*Work to be completed*.
Every line from the one holding "Unito Foto Stock" through the one holding "Сдаётся 4-комнатная квартира, 162 м²" in the data below must be returned exactly, both ends included, with pictures left out and nothing else added.

Records for the exercise section start

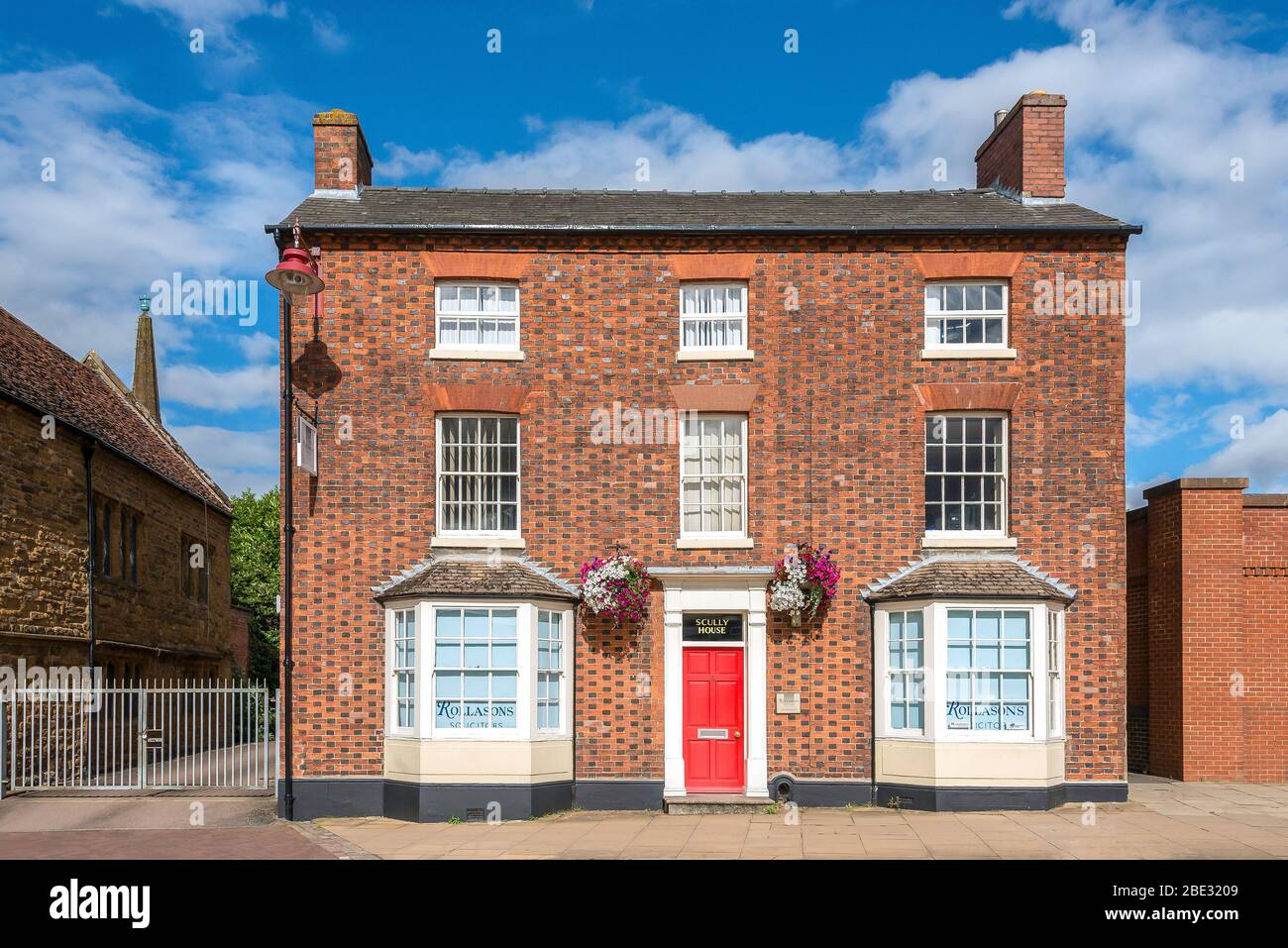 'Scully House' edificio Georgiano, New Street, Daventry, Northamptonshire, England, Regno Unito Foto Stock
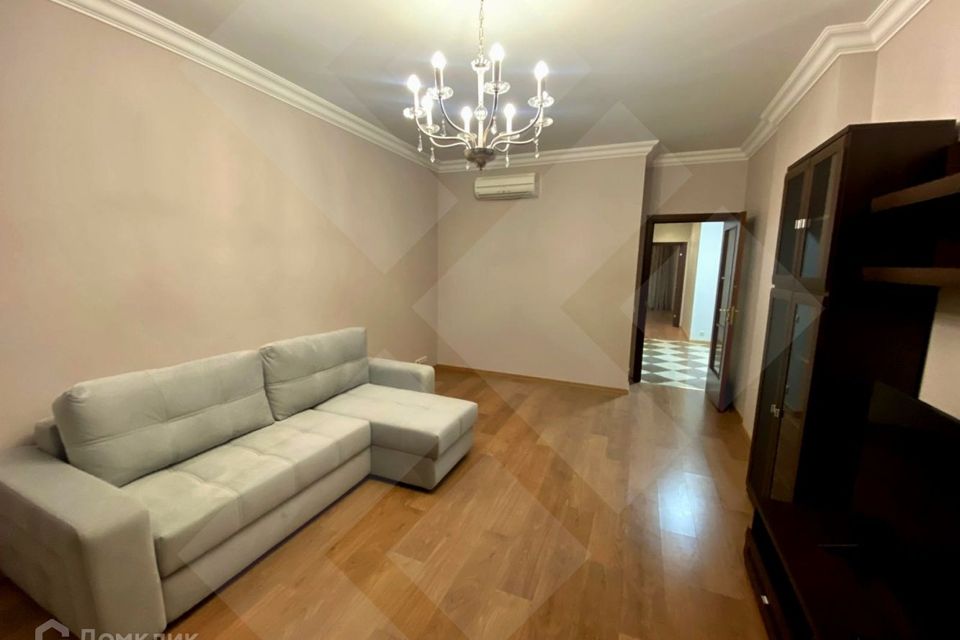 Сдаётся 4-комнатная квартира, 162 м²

Records for the exercise section end
Records for the exercise section start

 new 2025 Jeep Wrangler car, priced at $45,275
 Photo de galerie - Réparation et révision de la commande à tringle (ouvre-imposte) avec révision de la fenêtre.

Records for the exercise section end

*Task solution*.
 'Scully House' edificio Georgiano, New Street, Daventry, Northamptonshire, England, Regno Unito Foto Stock
 Сдаётся 4-комнатная квартира, 162 м²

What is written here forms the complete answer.